About the hyper-parameter tuning

Question

About the hyper-parameter tuning

DexterZeng opened this issue 4 years ago · 2 comments

Hi, thanks for sharing the codes and it has been really helpful!

You have mentioned that, dropout, coefficient, c0 and c1 are important parameters that need to be tuned for new datasets. However, I wonder whether you can provide some directions/suggestions about how to tune these hyper-parameters. Currently I am running the model on a small and sparse dataset extracted from the original amazon-book dataset. Nevertheless, the model attains the best performance at the first few rounds and the results continue to drop with increasing numbers of rounds. I changed these hyper-parameters and the performance did not improve. Therefore, I wonder whether there is a general guideline about the parameter-tuning.
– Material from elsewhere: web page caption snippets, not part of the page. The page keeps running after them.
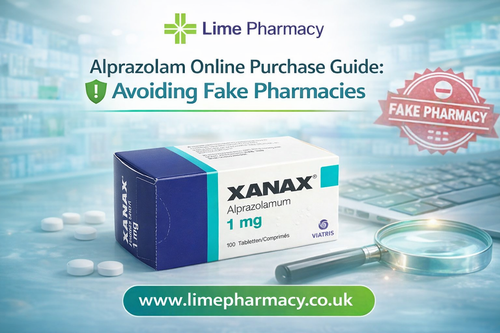 Alprazolam Online Purchase Guide Avoiding Fake Pharmacies.png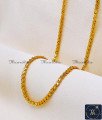 gold chain designs for ladies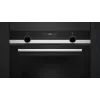 Forno Siemens HB517GBS3 71 l acciaio inox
Besides, is there any reason/explanation for calculating c0/c1 as in the codes? I guess understanding it might help the parameter-tuning.

Thanks for your time!

Answer 1 · 2020-12-01T04:24:55.000Z

Hi, thanks for your interest in our work!

c0 and c1 determine the overall weight of non-observed instances in implicit feedback data. Specifically, c0 is for the recommendation task and c1 is for the knowledge embedding task.

To tune c0 and c1, a simple way is first to tune an optimal uniform value of negative weight in Main_JNSKR.py, then tune c0 and c1 to make the mean value of the weight distribution near to the uniform value.

Specifically, you can first replace negative_c and negative_ck in Main_JNSKR.py (line 96) with a constant (0.001,0.005,0.01,0.02,0.05,0.1,0.2,0.5), respectively. Then tune c0 and c1 to make the mean value of the weight distribution near to the uniform value. You can see the weight value from the printed results in our_helper.py (line 61-62).

For dropout, you can tune it in [0.1~1.0]

For coefficient, you can only tune the second term in [0.001,0.01,0.05...]

Generally, it is a little difficult to tune the negative weight, a very detailed explanation for calculating c0/c1 as in the codes can be found in paper (page 7~8, 3.3 Weighting Strategies for Missing Data).

Answer 2 · 2020-12-01T06:55:51.000Z

Thanks a lot for the detailed explanation!